981 words
I can’t think of too many English words more positive than “brave.”
The word brave conjures up a man who is bold and heroic. The brave man is no self-indulgent daredevil. He’s not pushy, cocky, or foolhardy. If the brave man faces danger, we assume he has a good reason (or at least thinks he does.) You can picture the profile of a brave man set against the horizon, resigned, with his chin thrust up like a galley’s bow set in the general direction of destiny or doom.
Men have always been quick to brag about the heroic deeds of their ancestors. The histories and mythologies of men are exaggerated retellings of the courageous deeds of the men who came before us.
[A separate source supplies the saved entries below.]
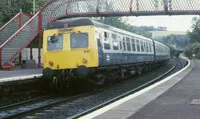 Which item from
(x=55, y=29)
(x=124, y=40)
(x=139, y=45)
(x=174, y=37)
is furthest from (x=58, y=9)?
(x=174, y=37)

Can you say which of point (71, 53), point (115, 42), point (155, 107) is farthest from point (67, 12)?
point (155, 107)

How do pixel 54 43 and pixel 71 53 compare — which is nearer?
pixel 71 53

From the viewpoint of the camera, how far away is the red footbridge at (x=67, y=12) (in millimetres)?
22781

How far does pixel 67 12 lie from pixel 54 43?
36.4 feet

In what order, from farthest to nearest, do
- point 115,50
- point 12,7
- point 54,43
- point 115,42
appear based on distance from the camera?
point 12,7
point 115,42
point 115,50
point 54,43

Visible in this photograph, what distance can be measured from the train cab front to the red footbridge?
659cm

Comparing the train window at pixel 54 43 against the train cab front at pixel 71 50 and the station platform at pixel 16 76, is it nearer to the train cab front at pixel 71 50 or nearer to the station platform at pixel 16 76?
the train cab front at pixel 71 50

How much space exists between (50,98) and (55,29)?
9.60ft

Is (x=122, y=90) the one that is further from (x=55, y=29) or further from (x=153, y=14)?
(x=153, y=14)

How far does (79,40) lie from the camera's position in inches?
615

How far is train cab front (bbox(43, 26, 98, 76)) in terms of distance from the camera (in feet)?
50.0

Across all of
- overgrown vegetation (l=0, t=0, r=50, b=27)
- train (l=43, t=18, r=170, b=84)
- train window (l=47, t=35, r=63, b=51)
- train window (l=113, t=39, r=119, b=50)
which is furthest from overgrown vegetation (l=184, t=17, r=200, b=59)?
train window (l=47, t=35, r=63, b=51)

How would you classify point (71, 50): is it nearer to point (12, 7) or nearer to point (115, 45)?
point (115, 45)

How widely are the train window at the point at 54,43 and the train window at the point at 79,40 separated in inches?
19.9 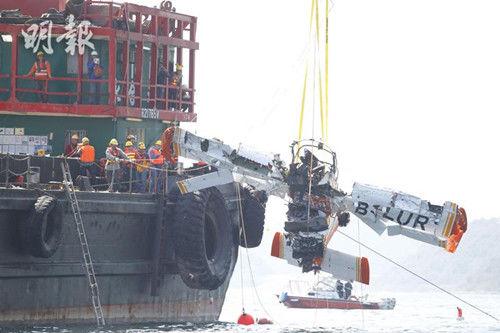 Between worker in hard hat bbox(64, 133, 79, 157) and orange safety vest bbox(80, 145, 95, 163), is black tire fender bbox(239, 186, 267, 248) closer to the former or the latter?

The words “fighting Irish” put a little spring in my jig, and I’m glad to be linked with ornery hordes of Celtic badasses. If I could trace my line back to armored knights or revolutionary war heroes I’d be telling every damn person I met. Samoan men love their tribal warrior tattoos. And, while the Spaniards conquered the Aztecs long before the Cherokee walked the “Trail of Tears,” saying the word “Aztec” to a Mexican gets the same kind of response the word “Viking” elicits from a white heavy metal fan.
“Fuck, yeah.”
That’s why I’ve never been able to understand why Native Americans get offended when depicted as “braves,” or “chiefs.”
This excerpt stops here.